(Stored records)
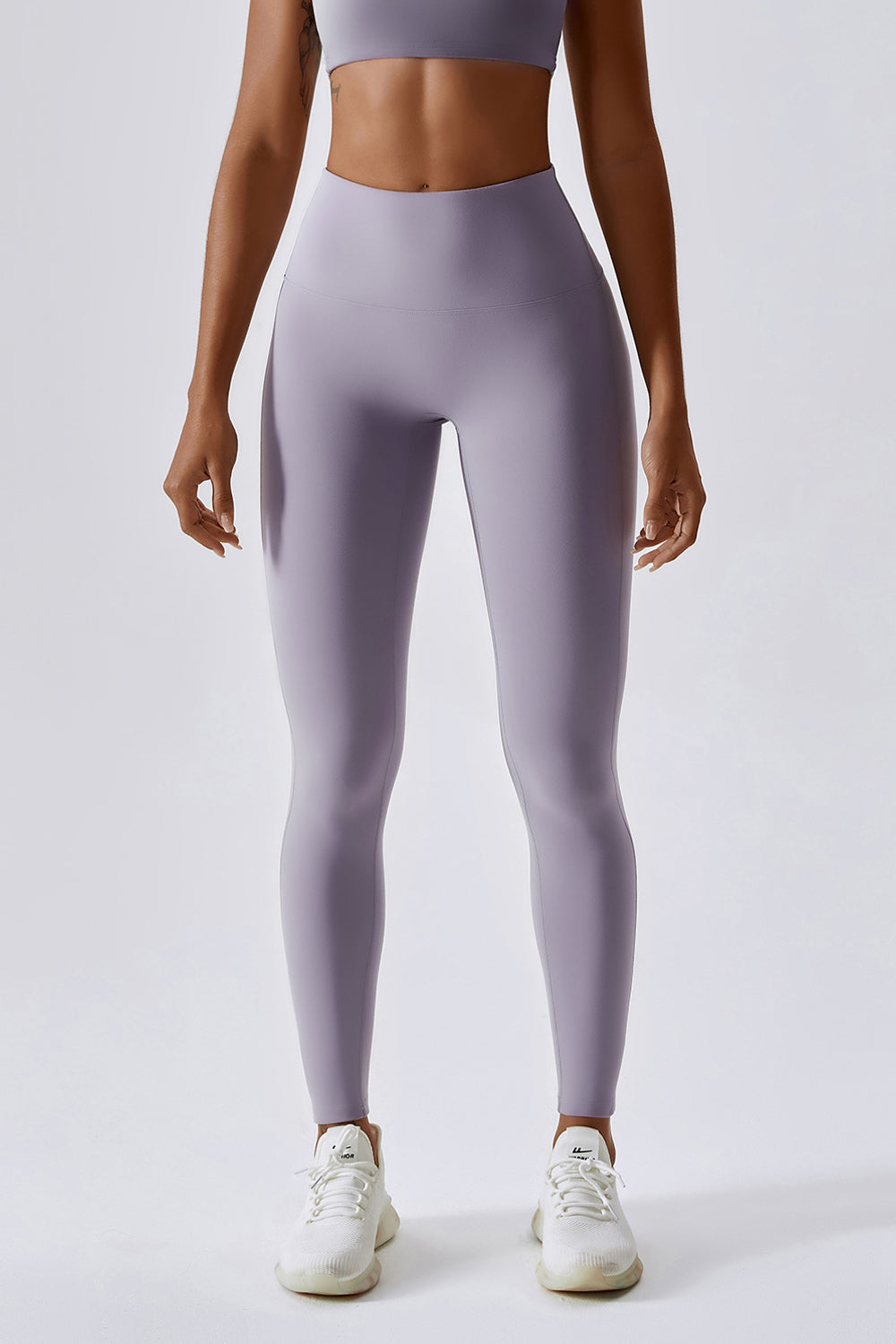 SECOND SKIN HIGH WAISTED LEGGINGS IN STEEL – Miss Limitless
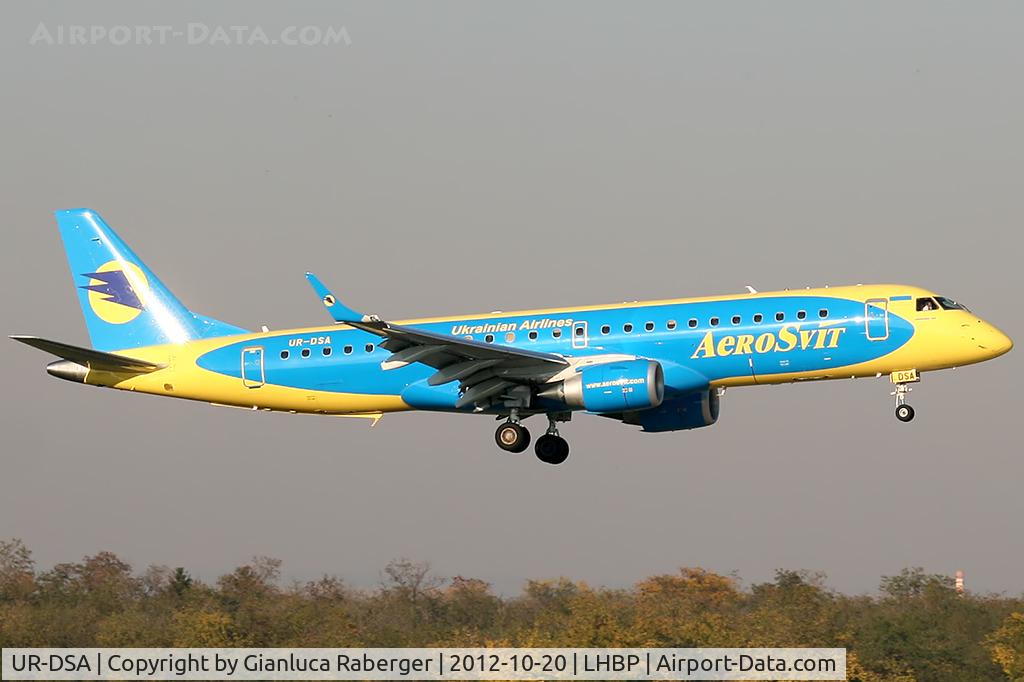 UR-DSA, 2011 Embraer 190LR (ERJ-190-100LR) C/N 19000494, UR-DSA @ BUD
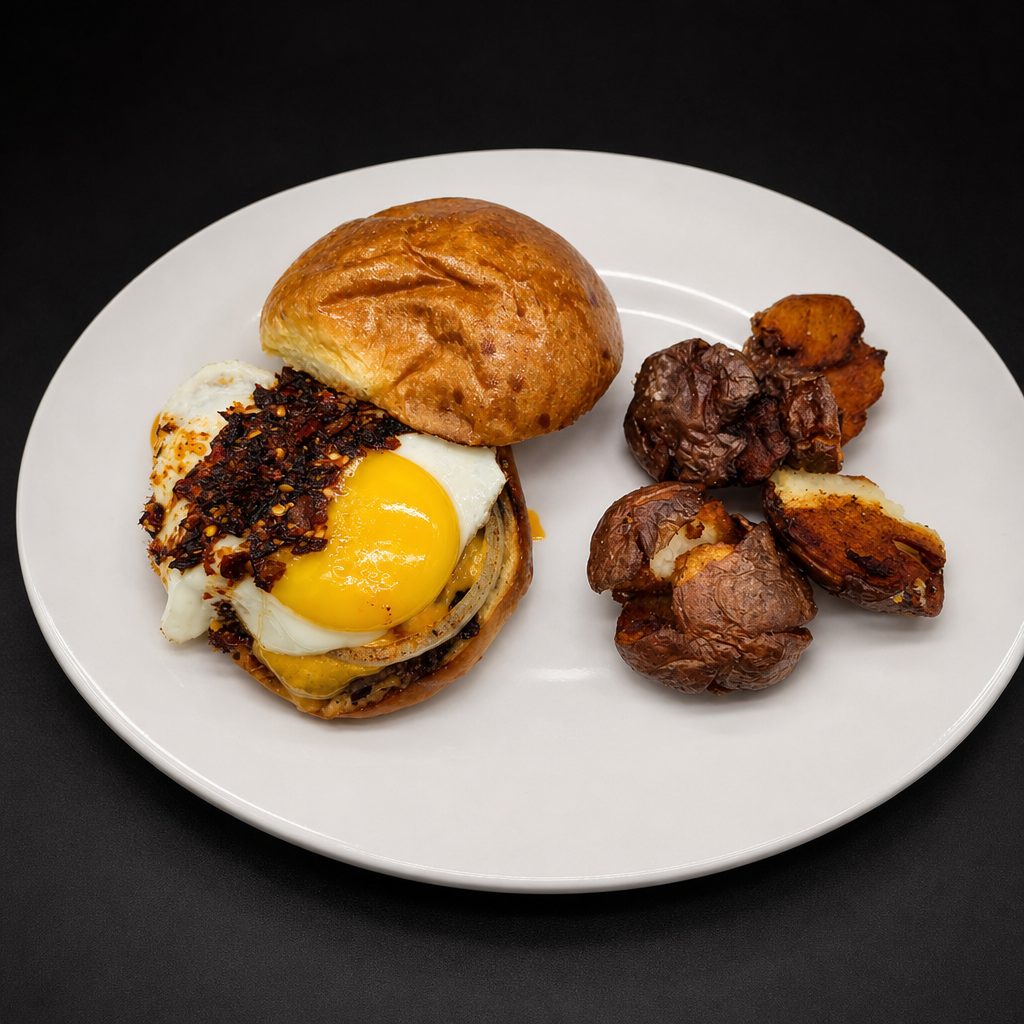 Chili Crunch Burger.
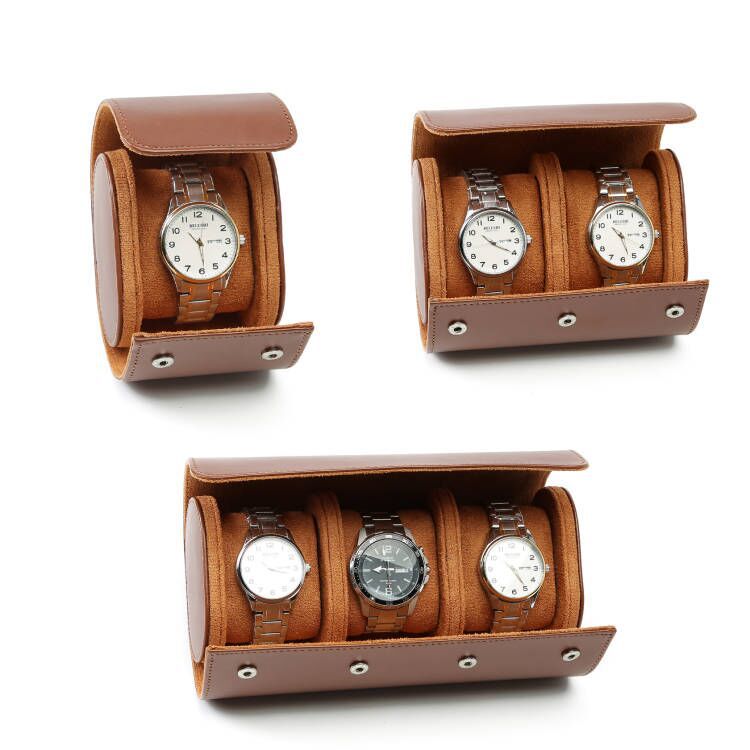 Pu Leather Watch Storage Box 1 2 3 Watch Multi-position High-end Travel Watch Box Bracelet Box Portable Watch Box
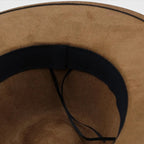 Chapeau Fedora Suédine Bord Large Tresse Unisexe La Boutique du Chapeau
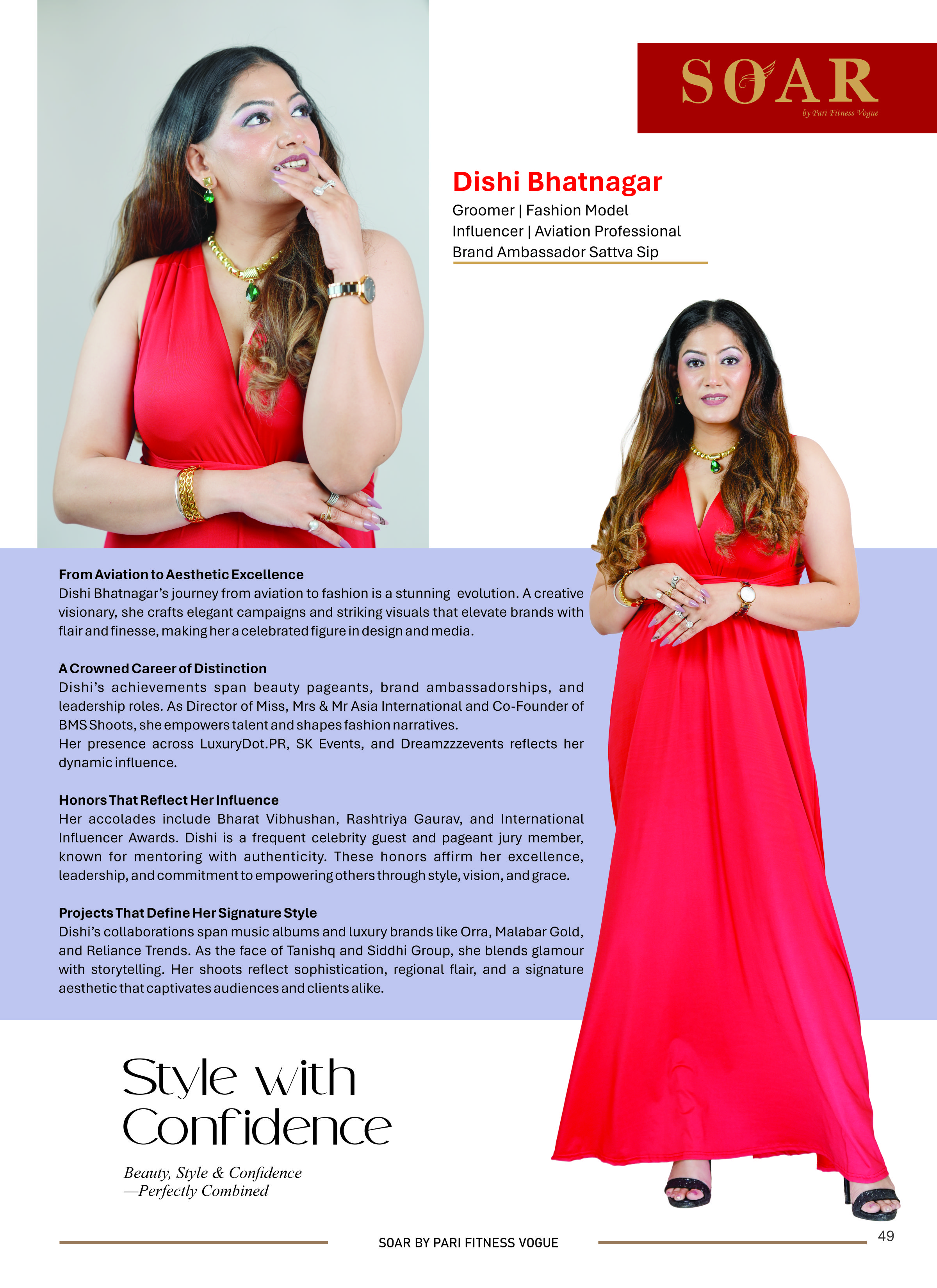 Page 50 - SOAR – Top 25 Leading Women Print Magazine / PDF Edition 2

Work task: Without the pictures, retype exactly the lines from the one that holds "UR-DSA, 2011 Embraer" to the last line of the data above, both of them included.

Answer to this task:
 UR-DSA, 2011 Embraer 190LR (ERJ-190-100LR) C/N 19000494, UR-DSA @ BUD
 Chili Crunch Burger.
 Pu Leather Watch Storage Box 1 2 3 Watch Multi-position High-end Travel Watch Box Bracelet Box Portable Watch Box
 Chapeau Fedora Suédine Bord Large Tresse Unisexe La Boutique du Chapeau
 Page 50 - SOAR – Top 25 Leading Women Print Magazine / PDF Edition 2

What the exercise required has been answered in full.